Tuesday, December 29, 2015

Data Outages Have Ended

The data outages caused by snow and ice ended Monday morning when the Sun melted the last pieces of ice off of the SDO antennas.
Many thanks to the FOT members who worked to keep the antennas pointed at SDO through a holiday weekend.

Sunday, December 27, 2015

Data Outages Due to Snow in Southern New Mexico

Since last night, the SDO science telemetry downlink has been severely degraded due to snow and ice in southern New Mexico. The telemetry files being delivered to the SOCs have been partial for all three instruments. Accumulations of ice and or snow have probably collected on both SDO1 and SDO2 dishes. At the moment, conditions are still poor. The data outages will stop when the severe weather ceases.

Monday, December 7, 2015

Today's Occultation of Venus and the 2016 Mercury Transit Across the Sun

Today Venus will disappear behind the Moon at varying times across the United States. It will not be visible from SDO as we do not have a lunar transit today. Please see the front page of SpaceWeather.com for details on when to watch this occultation. You will need a pair of binoculars for the best view. Just find the Moon (a little ahead of the Sun in the sky) and watch as the bright dot of Venus goes behind it at about 12:30 p.m. ET.

But that brings up occultations that SDO will see. Next year we will see a transit of Mercury across the disk of the Sun on May 9, 2016. Here is a movie of the transit (using our predicted ephemeris, but it should be fairly close.)

The 2016 Mercury transit will last 7.5 hours. Mercury will touch the edge of the Sun at 1112 UTC (7:12 a.m. ET, called first contact), move completely into the disk at 1115 UTC, cross the center of the Sun at 1457 UTC, touch the far edge of the Sun at 1839 UTC, and leave the disk at 1842 UTC (2:42 p.m. ET, fourth contact). Unlike the 2012 Venus Transit, which was only visible in Alaska and Hawai'i, this transit will be visible throughout North America. People in the USA will be able to see most, if not all, of this transit.

Mercury is smaller and further from the Earth, so, compared to the transit of Venus in 2012, it will be a smaller disk as it passes between SDO and the Sun. Due to the shorter orbital period, transits of Mercury are more common than transits of Venus.

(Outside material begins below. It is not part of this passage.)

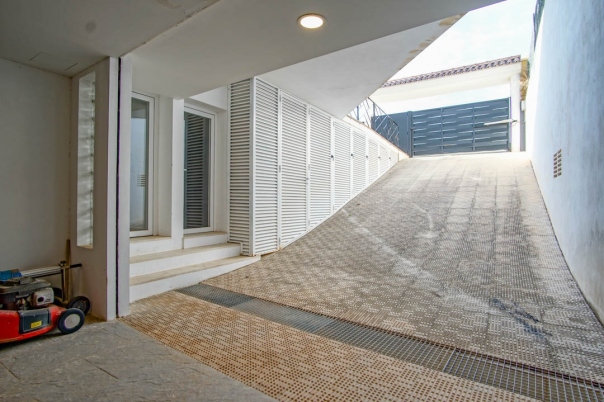 5 bed villa in Alfaz del Pi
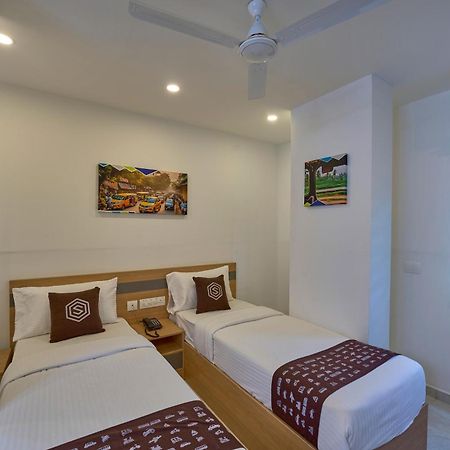 Hotel Sapphire Club Hub Kochi Exterior foto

Johannes Kepler predicted a transit of Mercury would occur in November 1631. The first observed transit of Mercury was on November 7, 1631 by Pierre Gassendi. This was the first observed planet transit and showed that Kepler's equations of planetary motion could be used to predict the positions of planets.

SDO will provide near-realtime pictures of the Mercury Transit at a dedicated webpage. More details as the time approaches.

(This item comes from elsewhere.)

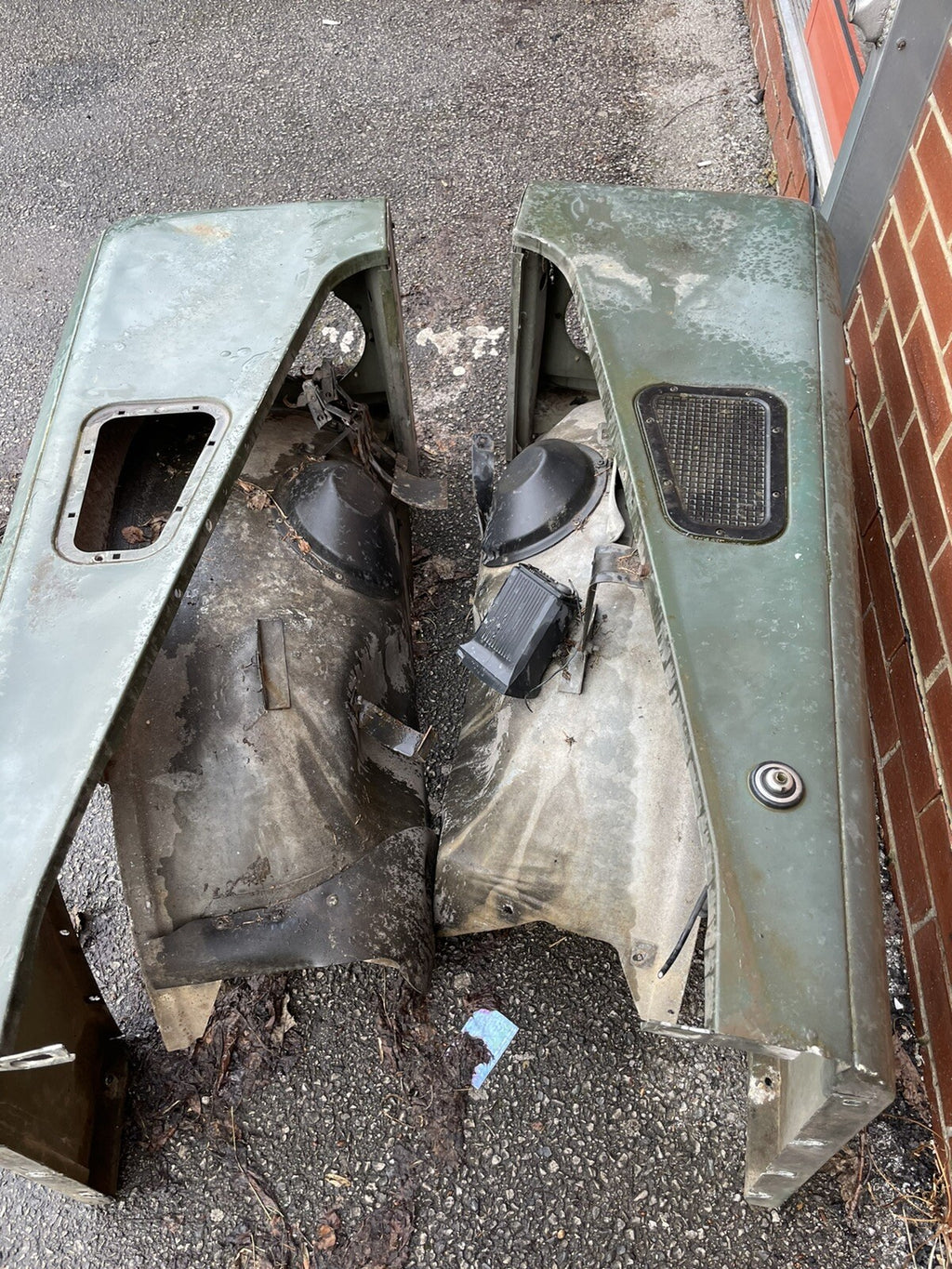 LAND ROVER DEFENDER  90 110 WINGS INNER AND OUTER PAIR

While you are waiting, grab your binoculars and go watch Venus disappear behind the Moon!

Thursday, November 5, 2015

See SDO 4k Movies and Projected over Dublin

Trinity College Dublin (Ireland) is running a campaign in Dublin called City of Physics, showing the city of Dublin the beauty of physics. For their opening nights at the end of October, they projected images from the SDO instrument onto a city centre building. A short video is available to show the reaction of people in the city is at https://www.youtube.com/watch?v=mpEj_4aanDA. Check out the undergraduate students busy talking to Dubliners about SDO.

When SDO was launched TVs were displaying 720p resolution. In the five years since we have seen TV screens at 1080p and now UltraHD (3840 pixels by 2160 pixels.) This means we can show half of the Sun in full SDO resolution on commercially available screens. As a result, NASA has released a new of 4k ultra-HD movies of SDO imagery. These are also on YouTube. But to get the full impact of the UltraHD resolution you need to download the movies from SVS website.

The SDO webpage also has a list of UltraHD movies. We are planning to start releasing daily UltraHD movies.

If only UltraHD allowed us to show the entire disk of the Sun at the native resolution of the SDO imagers! But that must await the next generation of screens.

Wednesday, October 28, 2015

Today is Calibration Maneuver Day!

SDO will perform two calibration maneuvers today. The EVE field of view maneuver will run from 1315-1557 UTC (9:15 am-1:57 pm ET) and HMI/AIA Flatfield will run from 1630-1907 UTC (2:30-5:07 pm ET). SDO science data will not be available from 1315-1910 UTC (9:15 am-5:10 pm ET), although the AIA near-realtime images on the SDO website will show the Sun running back and forth across the images.

Monday, October 12, 2015

Another Lunar Transit Today

SDO will see another lunar transit today from 1718 UTC (1:18 p.m. ET) until 1733 UTC (1:33 p.m. ET). Although this is a very short transit, the Moon will occult part of the fine guidance system in AIA so we will turn off the fine guidance during the transit. That means the AIA images will drift a little and the HMI Dopplergrams and magnetograms will not be created.

Friday, October 9, 2015

SDO Website is back up

The maintenance on the SDO web and data servers is complete the website is back up and running normally. Thank you.